→ What to work on: Go through the entries one line at a time, and gather every line that has the word "Wedding".

====== Given information

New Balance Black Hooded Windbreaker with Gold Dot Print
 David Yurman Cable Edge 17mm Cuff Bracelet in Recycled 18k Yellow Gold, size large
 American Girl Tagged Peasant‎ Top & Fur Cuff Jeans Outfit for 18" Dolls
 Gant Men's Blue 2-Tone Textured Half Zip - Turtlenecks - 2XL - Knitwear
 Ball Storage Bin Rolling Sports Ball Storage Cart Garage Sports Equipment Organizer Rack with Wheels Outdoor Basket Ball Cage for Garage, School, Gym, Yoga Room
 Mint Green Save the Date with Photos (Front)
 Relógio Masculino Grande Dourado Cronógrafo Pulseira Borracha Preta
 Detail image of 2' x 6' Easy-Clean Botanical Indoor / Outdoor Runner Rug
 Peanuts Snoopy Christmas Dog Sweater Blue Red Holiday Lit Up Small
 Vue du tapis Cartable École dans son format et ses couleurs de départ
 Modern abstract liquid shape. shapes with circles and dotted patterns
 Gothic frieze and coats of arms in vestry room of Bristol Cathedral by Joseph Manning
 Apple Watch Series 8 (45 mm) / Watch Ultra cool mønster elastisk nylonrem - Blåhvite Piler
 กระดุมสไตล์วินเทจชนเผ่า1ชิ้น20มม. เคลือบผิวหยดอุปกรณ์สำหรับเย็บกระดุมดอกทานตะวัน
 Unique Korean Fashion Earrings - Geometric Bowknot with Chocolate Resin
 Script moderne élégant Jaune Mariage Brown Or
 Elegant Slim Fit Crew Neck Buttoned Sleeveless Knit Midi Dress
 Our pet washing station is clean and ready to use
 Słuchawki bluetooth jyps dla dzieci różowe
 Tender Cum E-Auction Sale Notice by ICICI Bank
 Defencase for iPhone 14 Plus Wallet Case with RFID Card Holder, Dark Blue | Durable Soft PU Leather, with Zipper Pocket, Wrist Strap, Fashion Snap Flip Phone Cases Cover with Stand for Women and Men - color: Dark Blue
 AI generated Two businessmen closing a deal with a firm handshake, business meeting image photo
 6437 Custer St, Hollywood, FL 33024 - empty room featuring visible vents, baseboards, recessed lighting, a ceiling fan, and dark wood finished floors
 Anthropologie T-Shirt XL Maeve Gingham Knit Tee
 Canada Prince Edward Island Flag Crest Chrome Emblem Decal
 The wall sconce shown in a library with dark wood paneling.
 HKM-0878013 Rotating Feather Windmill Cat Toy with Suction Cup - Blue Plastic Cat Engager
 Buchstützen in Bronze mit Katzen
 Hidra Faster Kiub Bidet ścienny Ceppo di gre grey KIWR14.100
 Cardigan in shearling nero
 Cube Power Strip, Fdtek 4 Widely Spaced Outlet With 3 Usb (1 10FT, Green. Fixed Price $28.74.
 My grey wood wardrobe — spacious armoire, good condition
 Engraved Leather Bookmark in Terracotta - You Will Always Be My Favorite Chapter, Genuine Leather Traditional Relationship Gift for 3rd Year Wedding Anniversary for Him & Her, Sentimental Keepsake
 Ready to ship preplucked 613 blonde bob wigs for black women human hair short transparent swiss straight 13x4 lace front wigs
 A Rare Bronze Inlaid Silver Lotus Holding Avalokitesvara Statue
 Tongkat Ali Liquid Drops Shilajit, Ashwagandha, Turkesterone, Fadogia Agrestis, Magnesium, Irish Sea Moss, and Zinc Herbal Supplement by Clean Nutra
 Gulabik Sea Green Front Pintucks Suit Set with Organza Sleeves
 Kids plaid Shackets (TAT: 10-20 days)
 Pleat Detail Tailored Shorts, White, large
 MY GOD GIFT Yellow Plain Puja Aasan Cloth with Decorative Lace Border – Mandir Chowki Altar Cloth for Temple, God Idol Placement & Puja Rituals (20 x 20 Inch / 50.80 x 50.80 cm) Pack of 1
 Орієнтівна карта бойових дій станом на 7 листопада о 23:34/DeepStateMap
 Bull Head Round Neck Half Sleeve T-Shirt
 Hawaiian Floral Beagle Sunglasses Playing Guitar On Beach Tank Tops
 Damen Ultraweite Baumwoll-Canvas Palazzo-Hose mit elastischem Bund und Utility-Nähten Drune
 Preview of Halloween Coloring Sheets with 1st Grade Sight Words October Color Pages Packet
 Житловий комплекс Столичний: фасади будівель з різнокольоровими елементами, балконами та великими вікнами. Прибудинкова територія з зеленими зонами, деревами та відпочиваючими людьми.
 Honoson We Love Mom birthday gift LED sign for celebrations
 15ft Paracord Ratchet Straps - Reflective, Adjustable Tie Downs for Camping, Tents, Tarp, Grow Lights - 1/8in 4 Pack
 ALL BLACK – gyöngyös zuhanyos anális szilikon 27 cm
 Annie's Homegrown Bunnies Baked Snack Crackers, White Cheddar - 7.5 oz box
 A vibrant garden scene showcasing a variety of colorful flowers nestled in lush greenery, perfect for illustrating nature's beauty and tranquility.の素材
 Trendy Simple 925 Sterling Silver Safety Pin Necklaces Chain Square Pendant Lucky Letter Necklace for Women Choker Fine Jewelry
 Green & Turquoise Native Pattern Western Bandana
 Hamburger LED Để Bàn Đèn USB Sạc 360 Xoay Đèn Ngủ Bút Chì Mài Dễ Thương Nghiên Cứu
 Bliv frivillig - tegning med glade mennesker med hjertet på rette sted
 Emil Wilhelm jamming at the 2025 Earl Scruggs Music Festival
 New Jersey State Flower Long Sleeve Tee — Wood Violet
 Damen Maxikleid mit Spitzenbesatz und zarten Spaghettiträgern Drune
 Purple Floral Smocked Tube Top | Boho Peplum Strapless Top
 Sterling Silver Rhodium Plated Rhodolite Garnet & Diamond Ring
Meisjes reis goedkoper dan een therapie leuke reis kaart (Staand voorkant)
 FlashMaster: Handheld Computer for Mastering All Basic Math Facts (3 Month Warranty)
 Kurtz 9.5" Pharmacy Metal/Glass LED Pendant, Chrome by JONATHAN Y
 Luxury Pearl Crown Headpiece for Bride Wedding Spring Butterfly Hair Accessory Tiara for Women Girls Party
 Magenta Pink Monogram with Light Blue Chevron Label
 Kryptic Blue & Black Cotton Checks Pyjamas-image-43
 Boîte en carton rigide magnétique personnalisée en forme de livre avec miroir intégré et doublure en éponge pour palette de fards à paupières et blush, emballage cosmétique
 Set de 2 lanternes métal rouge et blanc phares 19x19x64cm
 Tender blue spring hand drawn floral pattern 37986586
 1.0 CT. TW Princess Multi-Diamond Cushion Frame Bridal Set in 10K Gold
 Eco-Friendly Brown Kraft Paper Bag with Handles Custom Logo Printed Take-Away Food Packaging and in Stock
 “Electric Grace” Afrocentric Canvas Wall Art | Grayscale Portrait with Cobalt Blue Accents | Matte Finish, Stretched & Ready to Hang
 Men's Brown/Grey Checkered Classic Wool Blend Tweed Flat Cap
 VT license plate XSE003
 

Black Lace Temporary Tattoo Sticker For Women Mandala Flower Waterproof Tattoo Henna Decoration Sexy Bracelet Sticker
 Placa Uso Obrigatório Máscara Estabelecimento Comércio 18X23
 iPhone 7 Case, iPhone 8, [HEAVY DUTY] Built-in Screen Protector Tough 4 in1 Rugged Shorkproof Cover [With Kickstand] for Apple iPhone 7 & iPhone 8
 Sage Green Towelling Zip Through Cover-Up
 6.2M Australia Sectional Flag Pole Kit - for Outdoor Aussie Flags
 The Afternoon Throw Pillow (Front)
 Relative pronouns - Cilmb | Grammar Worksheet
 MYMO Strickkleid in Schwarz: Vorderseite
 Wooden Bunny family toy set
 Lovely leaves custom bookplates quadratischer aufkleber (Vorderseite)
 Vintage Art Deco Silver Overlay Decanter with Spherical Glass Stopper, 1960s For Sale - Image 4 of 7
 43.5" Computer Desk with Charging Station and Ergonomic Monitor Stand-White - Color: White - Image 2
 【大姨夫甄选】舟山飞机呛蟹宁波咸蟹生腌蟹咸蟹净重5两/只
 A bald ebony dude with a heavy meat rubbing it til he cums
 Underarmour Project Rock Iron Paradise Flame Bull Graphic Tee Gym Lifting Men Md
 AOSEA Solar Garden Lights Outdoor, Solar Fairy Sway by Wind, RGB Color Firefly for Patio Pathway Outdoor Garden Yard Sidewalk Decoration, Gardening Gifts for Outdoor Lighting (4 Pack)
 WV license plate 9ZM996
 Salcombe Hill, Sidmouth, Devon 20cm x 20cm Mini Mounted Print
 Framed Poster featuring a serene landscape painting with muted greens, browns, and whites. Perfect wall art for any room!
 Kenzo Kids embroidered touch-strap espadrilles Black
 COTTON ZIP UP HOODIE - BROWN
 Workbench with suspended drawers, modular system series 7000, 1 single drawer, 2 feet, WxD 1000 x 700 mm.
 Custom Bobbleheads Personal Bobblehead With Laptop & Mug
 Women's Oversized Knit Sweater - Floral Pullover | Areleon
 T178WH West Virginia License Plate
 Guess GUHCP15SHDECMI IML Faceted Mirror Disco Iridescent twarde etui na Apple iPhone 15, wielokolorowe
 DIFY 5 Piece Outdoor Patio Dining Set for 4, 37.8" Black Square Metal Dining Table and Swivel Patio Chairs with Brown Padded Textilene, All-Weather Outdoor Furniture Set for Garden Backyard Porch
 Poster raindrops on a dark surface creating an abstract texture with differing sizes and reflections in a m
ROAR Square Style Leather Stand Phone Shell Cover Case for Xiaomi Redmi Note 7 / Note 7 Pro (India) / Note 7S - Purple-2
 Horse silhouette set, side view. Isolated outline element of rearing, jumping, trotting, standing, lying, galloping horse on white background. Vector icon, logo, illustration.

============

→ Exercise result:
 Engraved Leather Bookmark in Terracotta - You Will Always Be My Favorite Chapter, Genuine Leather Traditional Relationship Gift for 3rd Year Wedding Anniversary for Him & Her, Sentimental Keepsake
 Luxury Pearl Crown Headpiece for Bride Wedding Spring Butterfly Hair Accessory Tiara for Women Girls Party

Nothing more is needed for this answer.